Генуя была подвергнута революционным изменениям в то же лето, и тоже не спрашивая согласия правительства. Все эти факты, которые приписывали участию Бонапарта гораздо более, нежели это было на самом деле, давали необыкновенное представление о его власти в Италии и влиянии, которое он там получил. Директория в самом деле находила, что Бонапарт разрешил своей властью уже слишком много вопросов; однако она не могла упрекнуть его в превышении власти; она была вынуждена признать пользу и современность всех его операций и не осмеливалась порицать победоносного генерала.
Венецианский посланник в Париже, господин Квирини, прибегал к всевозможным средствам с целью приобрести голоса в пользу своего отечества. Чтобы подкупить Барраса, он использовал его связь с неким далматом, ловким интриганом. Ему выдали сумму в 600 тысяч франков банковыми билетами, с тем чтобы он обеспечил защиту интересов Венеции в Директории. Но, извещенный об интриге, Бонапарт разгласил ее, и от банковых билетов отказались. Когда эти факты стали известны Директории, потребовались объяснения, было начато дознание, но дело замяли.

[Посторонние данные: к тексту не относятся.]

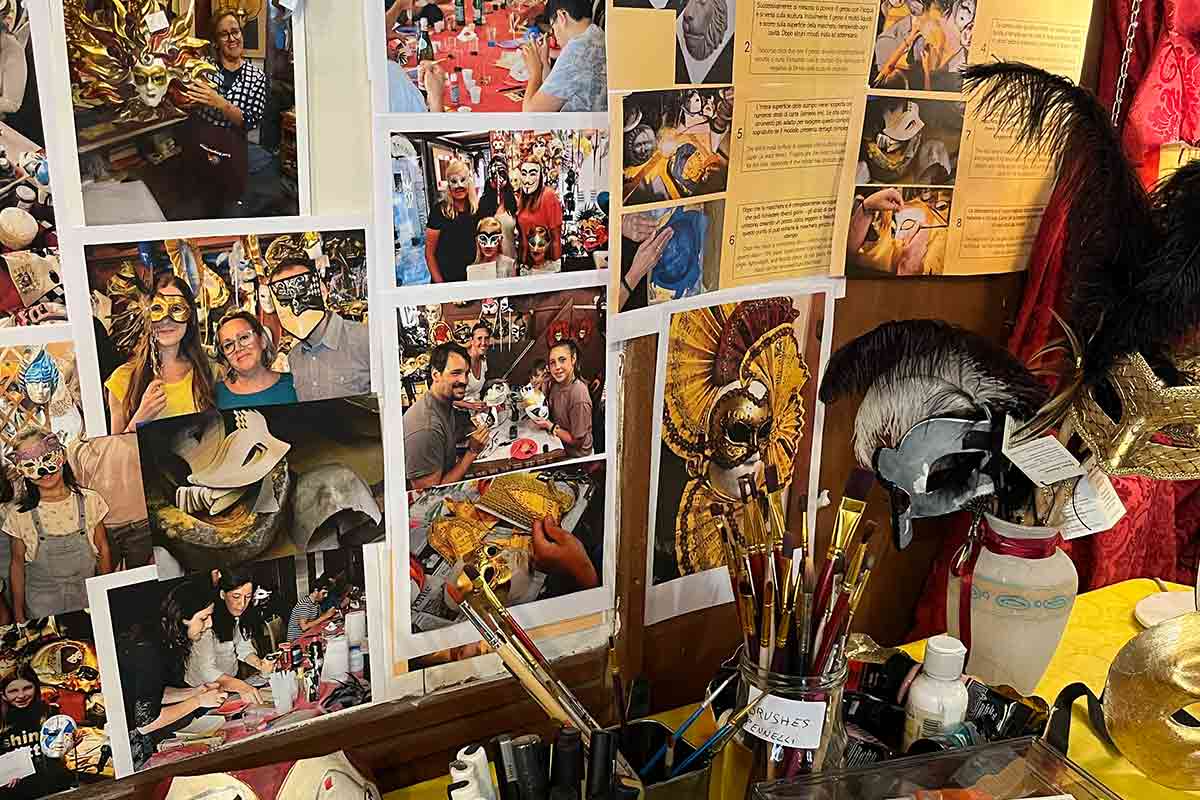 mater domini masks venice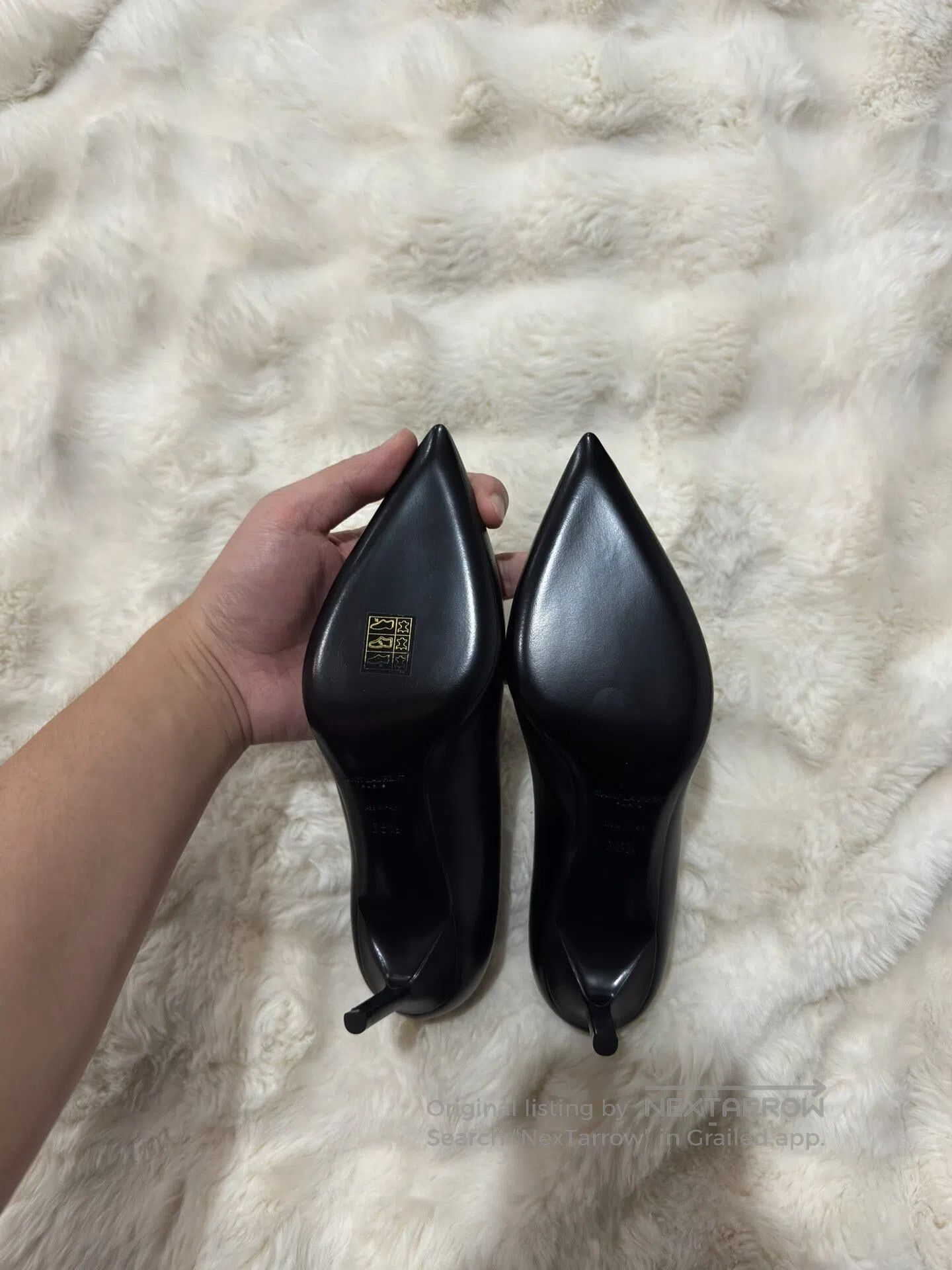 Saint Laurent Paris Saint Laurent Paris Classic Heels| Size US 6 / IT 36 - 4 Thumbnail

Решительные действия Бонапарта в Италии одобрили, и в первые дни после подписания Леобенских прелиминариев радовались предстоявшему окончательному миру. Враги революции и Директории, которые так рьяно хлопотали о мире, на самом деле были весьма раздосадованы подписанием прелиминариев, а республиканцы были им рады: они, без сомнения, желали бы полного освобождения Италии, но им было приятно и то, что Республика признавалась императором и некоторым образом освящалась им. Французы радовались прекращению ужасов войны и ожидали ослабления общественных тягот. Заседания советов были преисполнены энтузиазма. Объявили, что армии Итальянская, Рейнская и Самбры-и-Мааса заслужили признательность Отечества и всего человечества. Все партии расточали генералу Бонапарту выражения живейшего одобрения и предлагали называть его отныне Италийским, подобно тому, как в Риме назвали Сципиона Африканским.